"Нам кажется, что природа любит человека больше, чем капусту, потому что это льстит нашему воображению".
Сирано де Бержерак
Тридцатилетний профессор анатомии Раймонд Дарт, прибывший со своей супругой в ЮАР в 1924 году (тогда эта страна ещё была известна как Южно-Африканский Союз), без особого воодушевления заступил на свою первую преподавательскую должность. Дарт несколько лет проработал в Университетском колледже Лондона под началом знаменитого антрополога Графтона Эллиота Смита в окружении других светил науки. Учёный явно был расстроен тем, что ему пришлось оставить британскую столицу ради только что открытого Витватерсрандского университета в Йоханнесбурге, где не было ни научного сообщества, ни современного оборудования и книг. Однообразные пейзажи южно-африканской столицы и её окрестностей, которые супруги наблюдали по дороге к новому дому, тоже не способствовали бодрости духа.
Молодой профессор решил, что возглавляемому им факультету нужен музей окаменелостей, которые можно будет использовать в качестве учебных материалов. Чтобы подогреть интерес студентов, Дарт обещал денежный приз тому, кто найдёт для анатомической коллекции самые интересные экспонаты. В то время кости и современных, и ископаемых животных было не так уж сложно достать: на пустынных равнинах вокруг Йоханнесбурга вовсю трудились добытчики полезных ископаемых, взрывая динамитом тысячелетние скопления породы. Рабочие часто находили в грудах камней и известняковой пыли фрагменты костей, которые просто выбрасывали или отдавали европейцам-владельцам шахт, собиравших свои любительские коллекции.
Среди студентов Дарта была всего одна девушка — Жозефина Сэлмонс. Она училась очень усердно, искренне увлекалась антропологией и помогала профессору как лаборант-демонстратор. Однажды Сэлмонс с волнением представила Дарту находку, которая, как она надеялась, могла бы заинтересовать исследователя: это был окаменевший череп, который студентка верно определила как останки вымершего павиана. Череп нашли в каменоломне Северной компании по добыче известняка в Таунге и передали инженеру-хозяину фирмы, который решил выставить окаменелость на обозрение, поставив его на полку над камином в столовой. Там его и увидела Сэлмонс, бывшая частой гостьей в доме.
Студентка не ошиблась: Дарт был так воодушевлён находкой, что попросил хозяина каменоломни проинструктировать рабочих, чтобы они не выбрасывали найденные в известняке кости, и отправляли профессору домой все куски породы, которые могут представлять хоть какой-нибудь интерес. Тогда исследователь и мечтать не мог о том, что он получит в первой же посылке с шахты.
В начале ноября 1924 года во дворе дома Дартов выгрузили два больших ящика, забитых окаменелостями, и профессор тут же бросился изучать их содержимое.
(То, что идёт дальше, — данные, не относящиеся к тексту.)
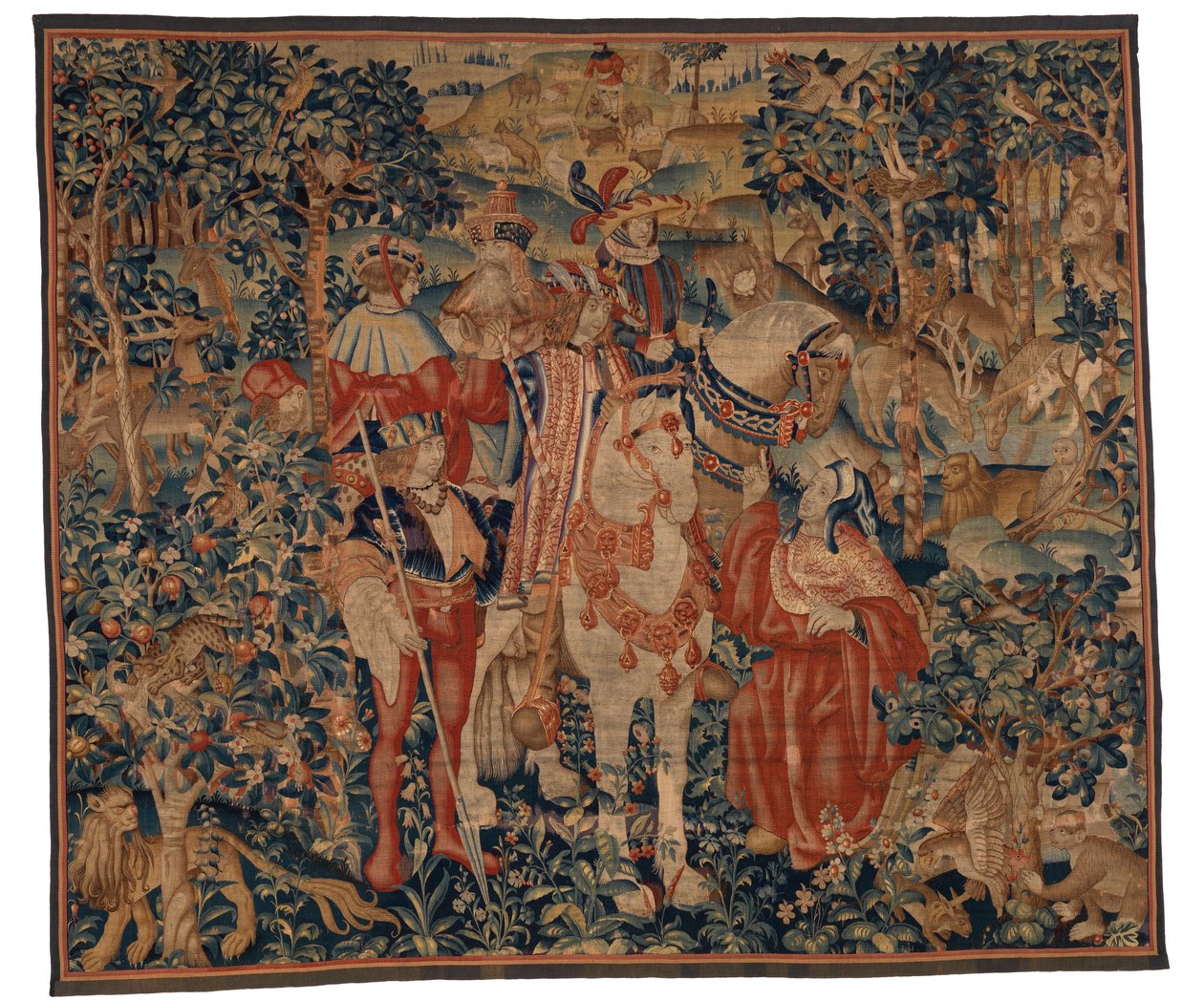 Kuvakudos, Aleksanteri ja Diogenes, 1400-luvun loppu - 1500-luvun alku (villaa ja silkkiä) tekijältä School Franco Flemish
Не обнаружив в первом ящике ничего достойного внимания, слегка разочарованный учёный снял крышку со второго — и буквально завопил от восторга (этот эмоциональный момент Дарт подробно описал в своей автобиографической книге).
Взгляд исследователя сразу остановился на шарообразном куске породы, испещрённом характерными впадинами. Это был эндокран — созданный самой природой слепок внутренней поверхности черепа, сформированный проникшей внутрь и затвердевшей породой. Профессор опознал на бугристой поверхности камня извилины, кровеносные сосуды и сразу понял, что слепок превосходит размером мозг павиана — а значит, может принадлежать особи из семейства человекообразных обезьян, которых ещё никогда не находили на юге Африки.
Дарт с утроенным энтузиазмом стал перетряхивать содержимое ящика и совсем скоро нашёл кусок породы с черепом, идеально подходящим к эндокрану. Переднюю часть закрывал толстый слой брекчии — природного цемента, облепившего лицевые кости и не дававшего их рассмотреть. Подняв облако пыли, профессор устремился было в свой кабинет — но тут же был остановлен своим другом Кристо Бойерсом, который угрожающе заявил, что если Дарт немедленно не приведёт себя в порядок, Бойерсу найдёт себе нового шафера. Распаковывая долгожданную посылку, Дарт чуть не забыл, что сегодня у него в доме отмечают свадьбу, а с минуты на минуту должен подъехать кортеж с невестой.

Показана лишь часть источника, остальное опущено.